The British Pregnancy Advice Service (BPAS) is believed to be the first major organisation to publicly state that it will not remove gendered language, arguing that it is harder to fight against restrictions based on sexism if they “cannot clearly articulate” that it is “predominantly” women impacted.
It was described as a “hugely significant” move by feminist campaigners after major organisations, government departments and NHS Trusts have all dropped terms including mother and women from their policies.
Those changes came after pressure from groups including controversial LGBT charity Stonewall, which has advised organisations that they should remove all gendered language in order to be more inclusive.
Setting out its “values, vision and ambitions” for the next two years, BPAS said that its services were “inclusive” and that it was building “specialist pathways to meet individual needs”.

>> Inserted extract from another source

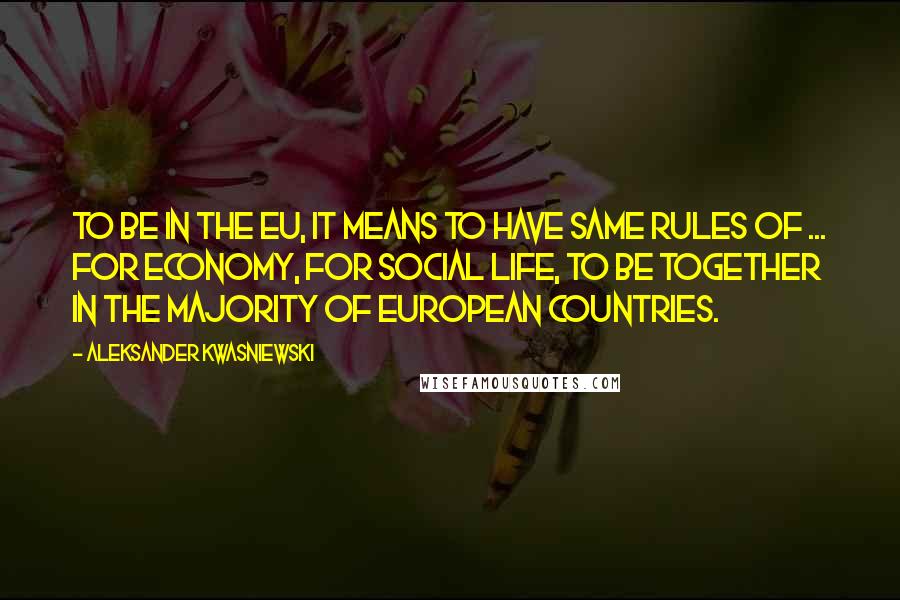 Aleksander Kwasniewski quotes: To be in the EU, it means to have same rules of ... for economy, for social life, to be together in the majority of European countries.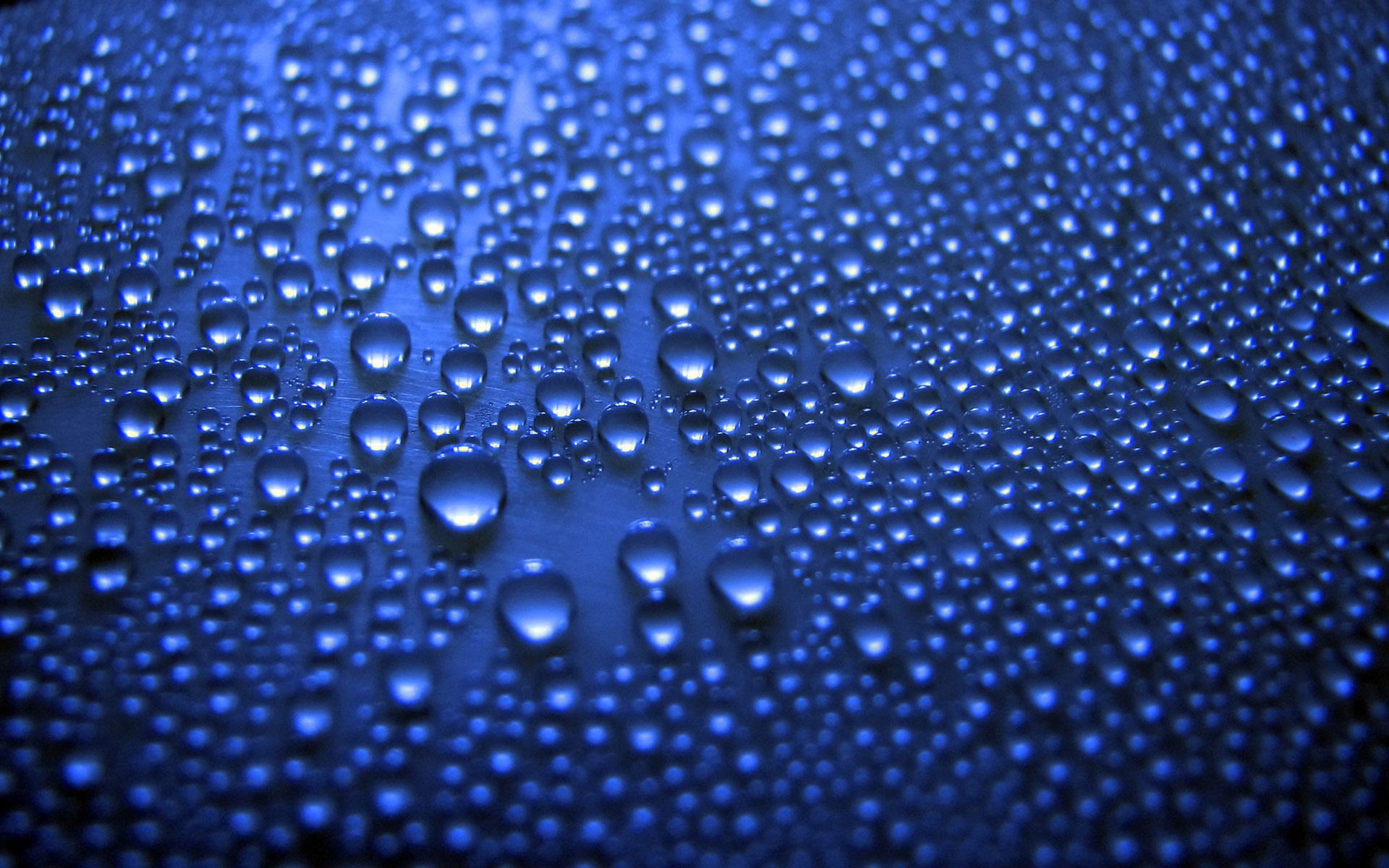 Raindrops Full HD Wallpaper and Background Image 1920x1200 ID447309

However, it refused to remove the word women from “campaigning, advocacy and general client materials” in part because it was how the “majority of those using our services see themselves”.
“We will also continue to use the word “women” over “people” so we can continue to campaign effectively for reproductive rights,” the charity said.
“Women’s reproductive healthcare and choices remain regulated and restricted in the way they are precisely because they are women’s issues, sadly still bound up with heavily gendered and judgmental approaches to female sexuality, ideals of motherhood and expectations of maternal sacrifice, and the need to control women’s bodies and choices.
‘We cannot – and will not – shy away from this’
“If we cannot clearly articulate that it is predominantly women, rather than people at large, who are affected by this, we will find it much harder to dismantle a framework that today is still underpinned by sexism.”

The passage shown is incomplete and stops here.